LSTM model is not getting trained on all the input batches using ray train

High: It blocks me to complete my task.

I am trying to train a Tensorflow model using Ray train using. My Input data has 24 batches ( 1536 samples and I have kept batch_size = 64) and running 2 epochs. Refer to the code below.
(Here I am using 2 CPUs for ray distributed training)

def train_func(config):
    CONF, data_path = config.values()
    
    X_train, y_train = read_input_data(data_path)

    strategy = tf.distribute.experimental.MultiWorkerMirroredStrategy()
    with strategy.scope():
        model = lstm_model()  # returns a sequential model
        start_epoch = 0

        checkpoint = train.load_checkpoint()
        if checkpoint:
            model.set_weights(checkpoint.get("model_weights"))
            start_epoch = checkpoint.get("epoch", -1) + 1

        model.compile() 
    epochs = 2
    for epoch in range(start_epoch, epochs):
        history = model.fit(X_train, y_train,batch_size=64)
        train.save_checkpoint(epoch=epoch, accuracy=history.history['acc'][0],
                          model_weights=model.get_weights())

config = CONF ## model parameters 


trainer = Trainer(backend="tensorflow", num_workers=num_cpus, logdir=os.getcwd())
trainer.start()
checkpoint_strategy = CheckpointStrategy(num_to_keep=1, checkpoint_score_attribute="accuracy", checkpoint_score_order="max")
trainer.run(train_func, config=config, callbacks=[PrintingCallback()], checkpoint_strategy=checkpoint_strategy,
            checkpoint=trainer.latest_checkpoint)
trainer.shutdown()

From the logs you could see that the model is getting trained only on few of the batches (out of 24). As well as each time, model gets trained on random batches and different no. of batches. Please refer below screenshot of logs.

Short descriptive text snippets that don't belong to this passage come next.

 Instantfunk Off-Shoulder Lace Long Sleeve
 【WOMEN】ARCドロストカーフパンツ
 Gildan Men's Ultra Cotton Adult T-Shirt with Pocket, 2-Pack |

Logs of 1st and 2nd epochs:

In above screenshot you can see that, in 1st epoch, model is getting trained on 5th,12th,16th,24th batches only and in 2nd epoch on batches [1,9,16,22,24].

Can you please help me understand, if my assumption is correct that some batches are getting skipped while training. If yes, why this is happening?
Also, please let me know I am missing something.

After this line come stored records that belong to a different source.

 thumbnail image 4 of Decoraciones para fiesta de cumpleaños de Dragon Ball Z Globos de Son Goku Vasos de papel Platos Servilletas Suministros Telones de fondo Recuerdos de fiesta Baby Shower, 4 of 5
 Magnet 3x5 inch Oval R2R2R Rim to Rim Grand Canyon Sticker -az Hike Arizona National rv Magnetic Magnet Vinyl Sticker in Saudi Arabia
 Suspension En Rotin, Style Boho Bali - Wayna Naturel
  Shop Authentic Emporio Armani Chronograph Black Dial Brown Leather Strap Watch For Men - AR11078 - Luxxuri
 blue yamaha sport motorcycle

Hi @suraj-gade, the output does not mean that your batches are getting skipped. Rather, processing is so fast (16ms/step!) that the progress bar can’t keep up with the speed. When the progress bar renders the next step, it already processed more than one step and thus skips displaying the intermediate steps.

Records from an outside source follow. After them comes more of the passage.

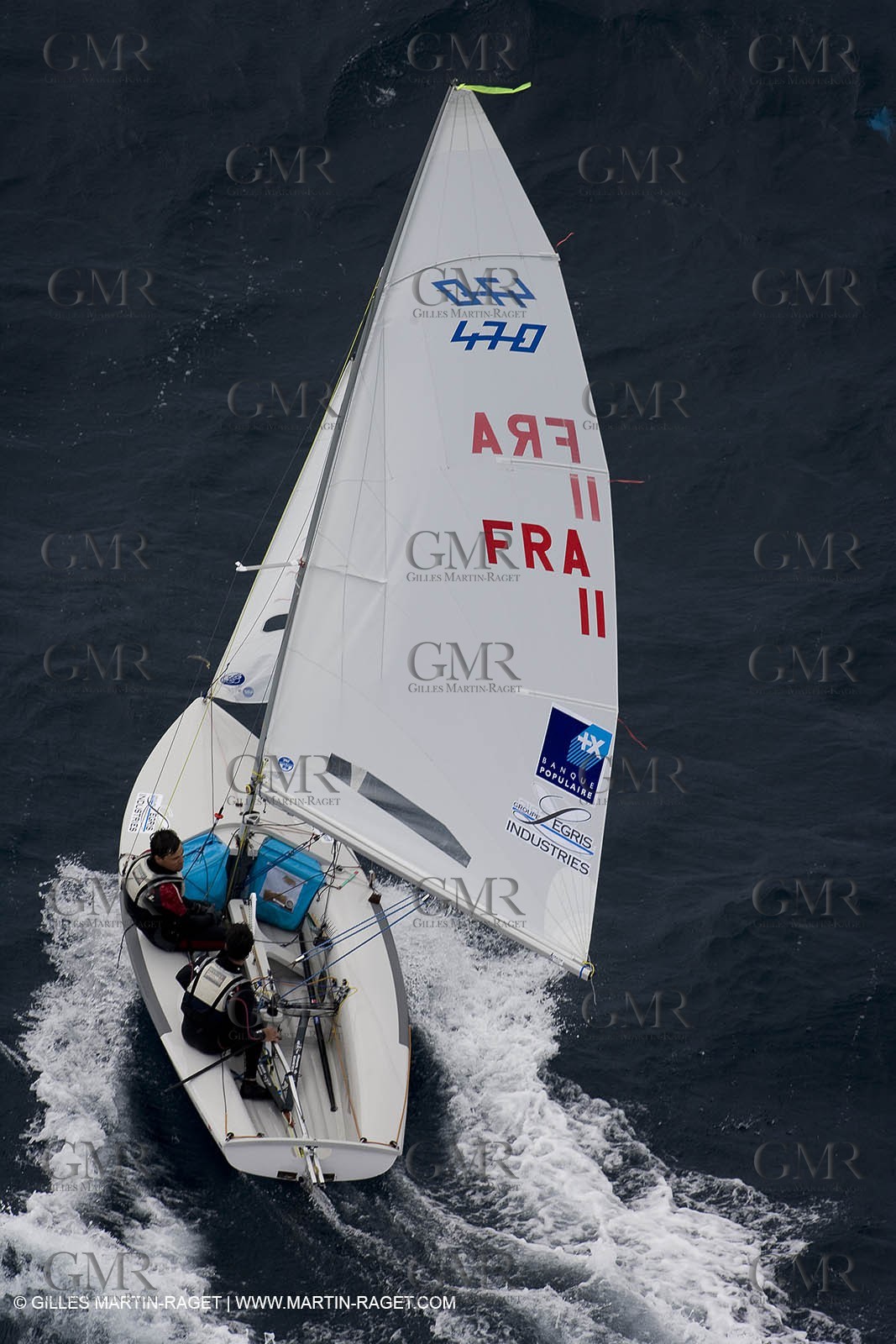 26 04 2007 - Semaine Olympique Française 2007 - Hyères - Jour 5 - Team France - 470 Homme - Bonnaud-Bonnaud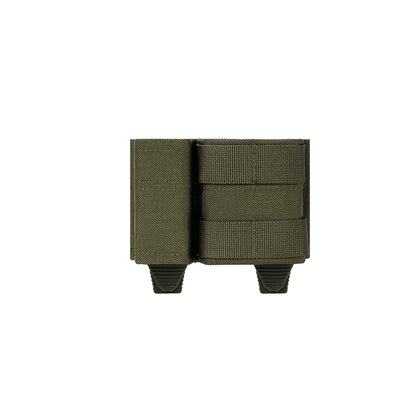 OPHIDIANTAC Tactical 5.56+9mm Hybrid Mag Pouch MOLLE Quick-Insert Magazine Bag with Pull-Tabs for AR15 M4 Airsoft Gear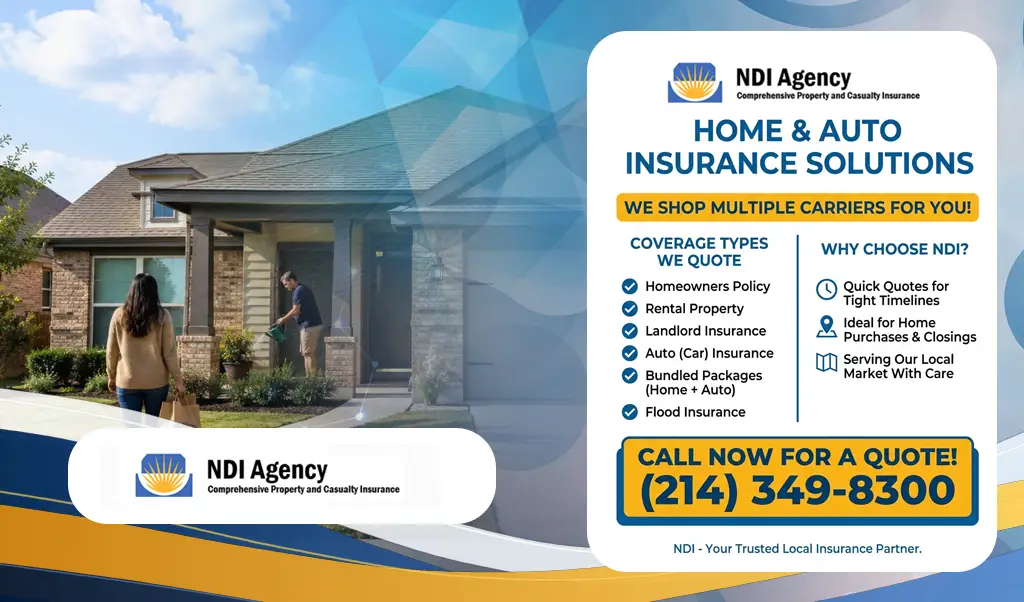 Home and Auto Insurance Bundle Quotes in Melissa, TX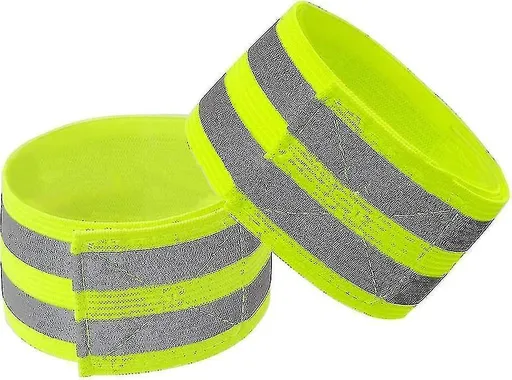 High Visibility Reflective Bands for Wrist, Arm, Ankle, Adjustable Elastic Night Gear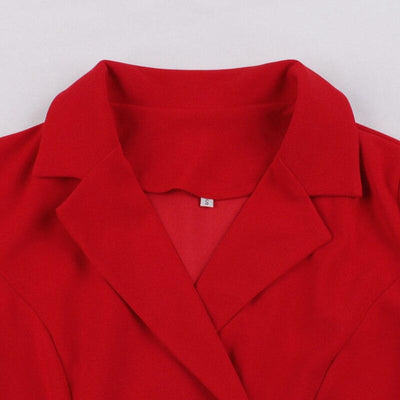 Chic 50'er Rød Kjole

Please also note that this progress bar is not rendered by Ray, but by Tensorflow/Keras.

If you want to confirm that it trains on every batch, you could try something like this:

print_callback = tf.keras.callbacks.LambdaCallback(
    on_batch_end=lambda batch, logs: print("Trained batch number", batch)
)
history = model.fit(X_train, y_train, batch_size=64, callbacks=[print_callback])

Hi @kai, thanks for your response.
It solved my issue…

I have one follow-up question on this issue.

I am using 2 CPUs for ray distributed training. so from the logs, you can see that we get two progress bars for each batch.
Assumption 1: Each batch is being processed on both the cores fully
Assumption 2: Ray train distribute batch samples equally on each core and as Tensorflow/Keras is rendering the progress bar, it prints the logs 2 times for each batch.

Please, help me understand which assumption is correct?

Keras automatically distributes the data so that each worker only works on one shard. Thus, the workers see different data.

And yes, the progress bar is displayed twice - once for each worker.

Hi @kai, Thanks for your response.

Please help me understand here. As per your response Keras is distributing the data batch on each worker, however I am using Ray here to implement distributed training not Keras multiprocessing.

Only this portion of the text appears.